Directions:
Give back every entry exactly; drop the pictures.

Given records:
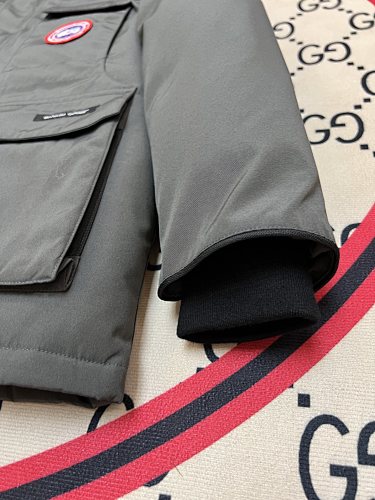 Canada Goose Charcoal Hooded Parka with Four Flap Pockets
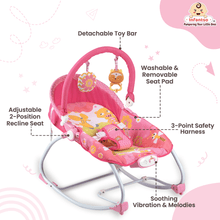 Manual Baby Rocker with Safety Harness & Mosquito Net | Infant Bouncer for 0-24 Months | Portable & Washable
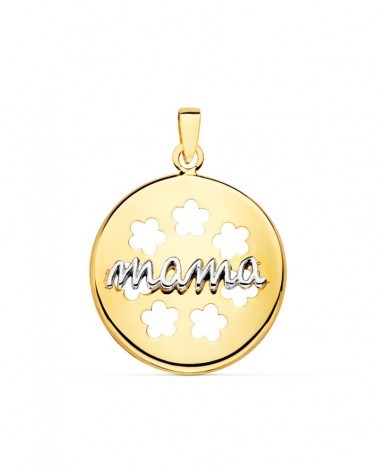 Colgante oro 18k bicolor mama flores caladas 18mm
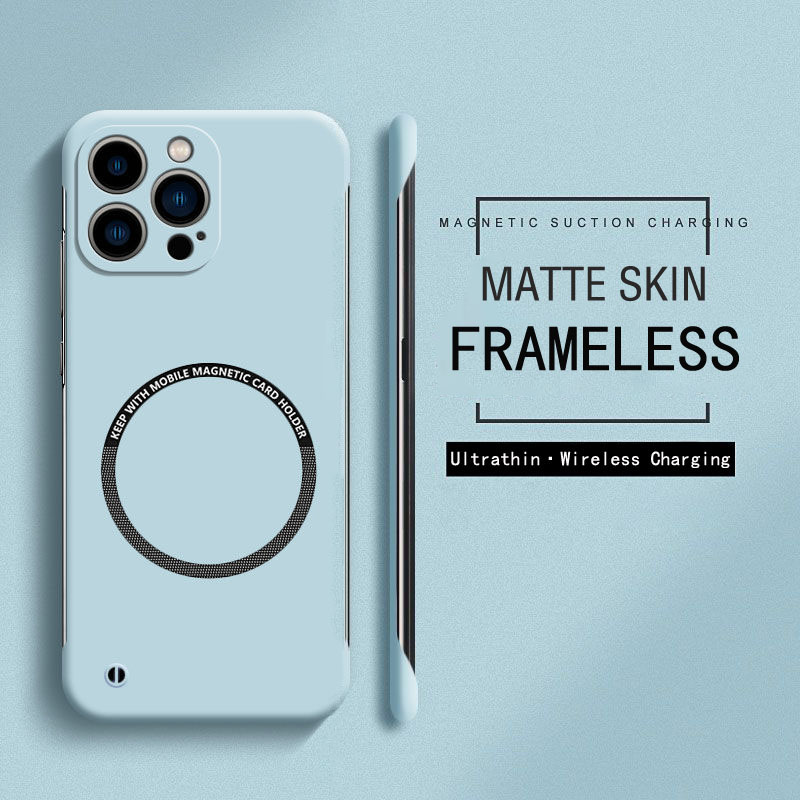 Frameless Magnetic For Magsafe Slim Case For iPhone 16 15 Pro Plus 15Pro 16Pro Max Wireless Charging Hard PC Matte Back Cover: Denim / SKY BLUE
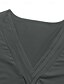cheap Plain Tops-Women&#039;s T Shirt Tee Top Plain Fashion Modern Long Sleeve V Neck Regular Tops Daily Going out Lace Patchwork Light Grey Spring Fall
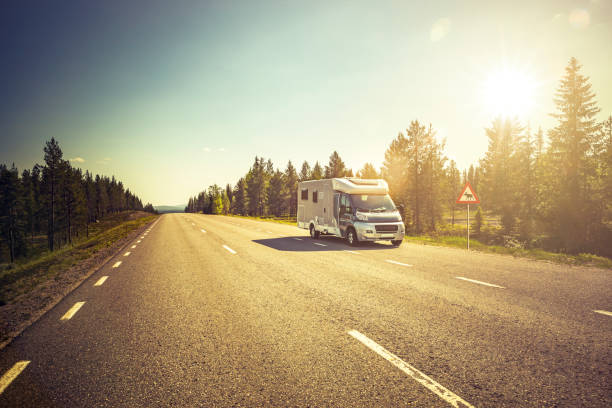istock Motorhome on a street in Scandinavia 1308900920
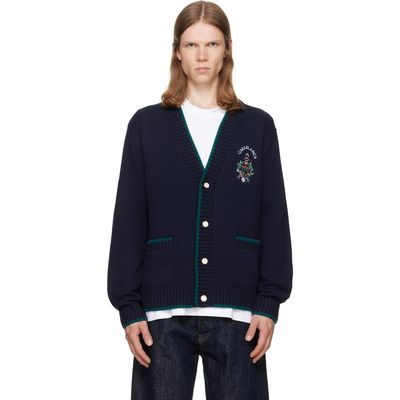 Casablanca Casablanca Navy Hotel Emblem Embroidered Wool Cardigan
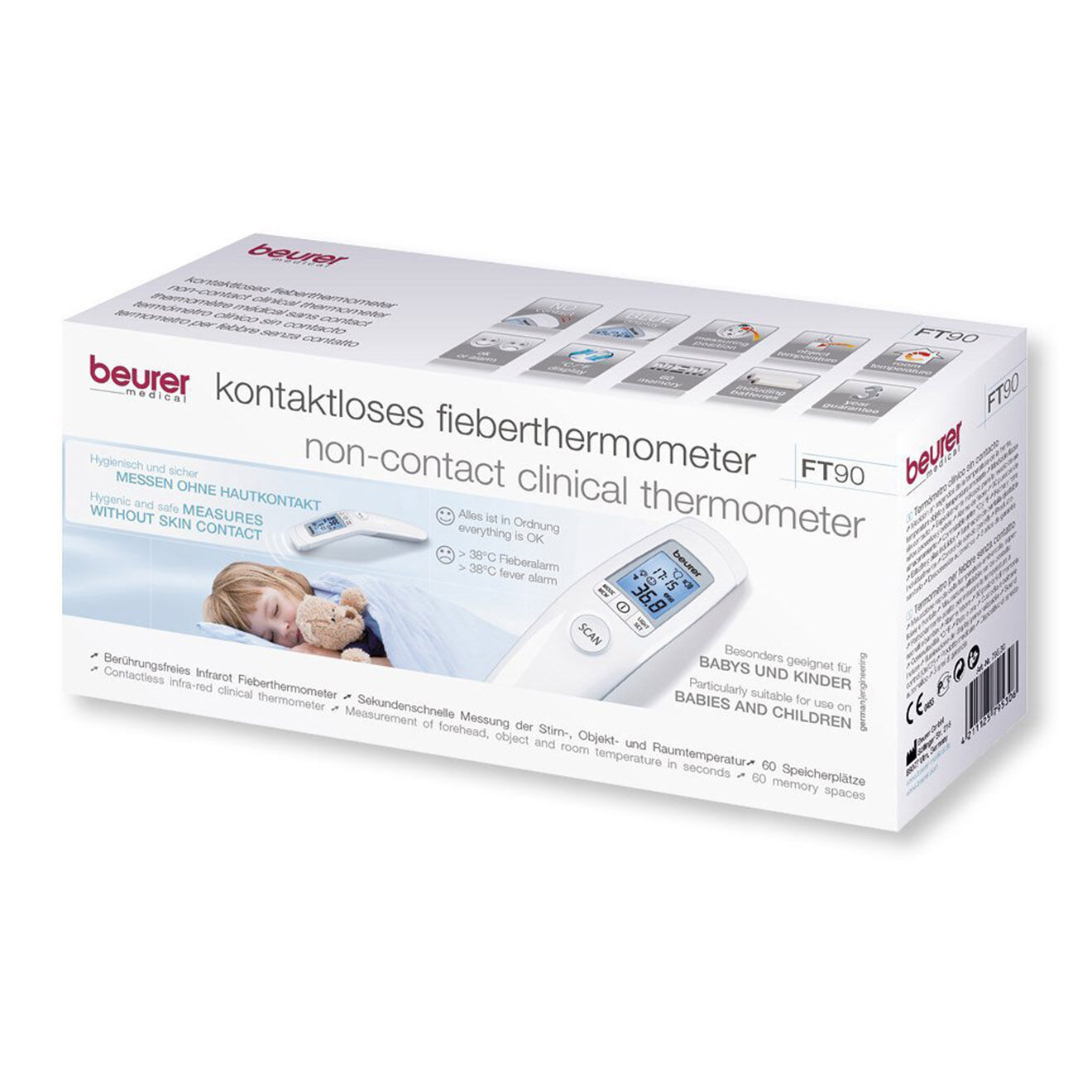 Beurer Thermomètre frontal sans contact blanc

Written answer:
 Canada Goose Charcoal Hooded Parka with Four Flap Pockets
 Manual Baby Rocker with Safety Harness & Mosquito Net | Infant Bouncer for 0-24 Months | Portable & Washable
 Colgante oro 18k bicolor mama flores caladas 18mm
 Frameless Magnetic For Magsafe Slim Case For iPhone 16 15 Pro Plus 15Pro 16Pro Max Wireless Charging Hard PC Matte Back Cover: Denim / SKY BLUE
cheap Plain Tops-Women&#039;s T Shirt Tee Top Plain Fashion Modern Long Sleeve V Neck Regular Tops Daily Going out Lace Patchwork Light Grey Spring Fall
istock Motorhome on a street in Scandinavia 1308900920
 Casablanca Casablanca Navy Hotel Emblem Embroidered Wool Cardigan
 Beurer Thermomètre frontal sans contact blanc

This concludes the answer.